The other thought comes from a book I'm reading and addresses an issue regarding Church life more generally, in so far as it touches upon the quite commonly experienced 20th Century touting of something called renewal, to be preferred (seemingly) over reform, as the way forward for the Church in the midst of social change. Even when the possibility of reform is conceded we can say that for more than fifty years now there has been an opinion abroad concerning reform, which claims it as something other than restoration or regrouping, if you will. This book I'm about half way through by Borys A. Gudziak, "Crisis and Reform, The Kyivan Metropolitanate, The Patriarchate of Constantinople, and The Genesis of the Union of Brest" (Harvard University Press, 1998, Cambridge, Mass.) goes about setting the world stage for the Ruthenian Orthodox revival in the late 16th Century. My mentors here in Ukraine recommended the book to me as a "must read", if I am going to understand something of the origins of the Greek Catholic Church in Ukraine. I am grateful to the author, now Apostolic Exarch in France, for the gift of a copy of the same.

Gudziak adheres to a very popular school of historians, which saw parallels between the various reform movements in the sixteenth century and the twentieth century's popular sentiment on how to face social upheaval... I don't see it that way. These popular historians or theoreticians are in many ways enlightened folks; those within the Catholic community at the time of the Council would break or did break with the past, star-trekking into the brave new world with their own particular canon and interpretation of the documents of Vatican II. Some are still alive today and some are terribly unhappy with the rereading of the Council in continuity with the whole Tradition which is already well under way. Gudziak's authorities on the Reformation do likewise projecting popular 20th Century strategies or analyses back into the 16th Century.
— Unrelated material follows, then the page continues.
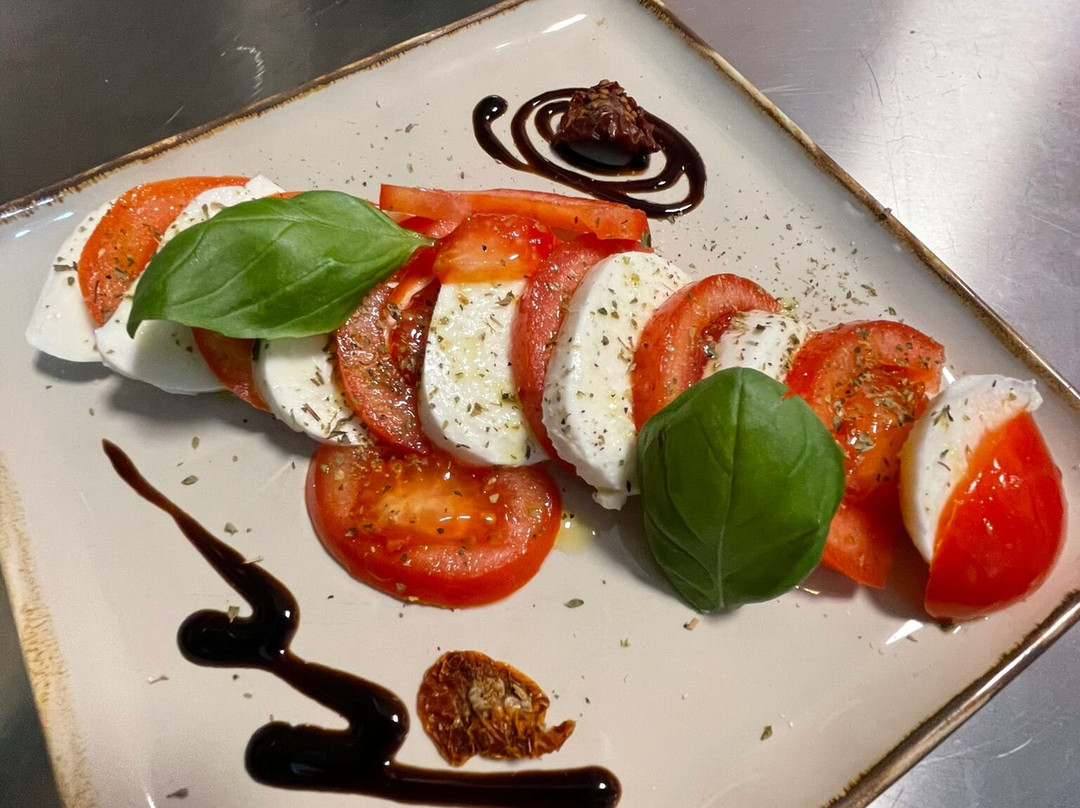 L’Appetito Lunch&Dinner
I distance myself from this school mostly because of my own reading of Hubert Jedin on various aspects of the Council of Trent, done back when I was writing my doctoral dissertation. Jedin held his ground, though immersed in that mid-twentieth century climate which, I think, strove to turn its back on our whole historical patrimony given the horrors of two world wars, Soviet and otherwise godless violence as ongoing, and more. Many of Jedin's contemporaries readily criticized the Council of Trent as an inadequate Catholic response to a world in flux. Jedin did not buy this thesis but rather explained that the way to the future, back then and now, cannot rest elsewhere but on firm foundations which cannot be traced out and built new but must be those of the past; I reform and face the present by retrenching as did the Tridentine Church. To say it another way, no matter how well-read, no matter how smart or clever you might be, if your present is shaky or uncertain, the only way into the future lies in recovery of your past. Hermeneutic of continuity?

Do you remember some years back the big push in radio advertising in favor of a program called "Hooked on Phonics"? The advertisers were targeting parents and grandparents to sell them a tutorial in good old-fashioned phonics, as a way to recover English language skills which schools were no longer imparting. Common sense and/or popular wisdom forbids imagining a world disconnected from its past. God forbid that a faith which comes to us from the Apostles should get caught up in the rupture illogic of abandoning our past or cutting ties with our roots!

I hope and pray that during this Year of Faith parents especially will get caught up in the "back to basics" movement in matters religious. Gudziak describes the perplexity of Polish-Protestant and Ruthenian-Orthodox nobility whose sons chose Roman Catholicism back in the last decades of the 16th Century. I have no doubt that the Lord in His great mercy will not leave His flock untended and will find ways of gathering in a new generation. We owe it to the Lord and to His and our children to do right by them by losing no more time in getting back to basics. I think the liturgical reform or restoration will take care of itself and the Council will bear the desired fruit in a still very unsettled world to the extent that we turn to the Lord, living our faith and gladly sharing it with all of those who are given to us.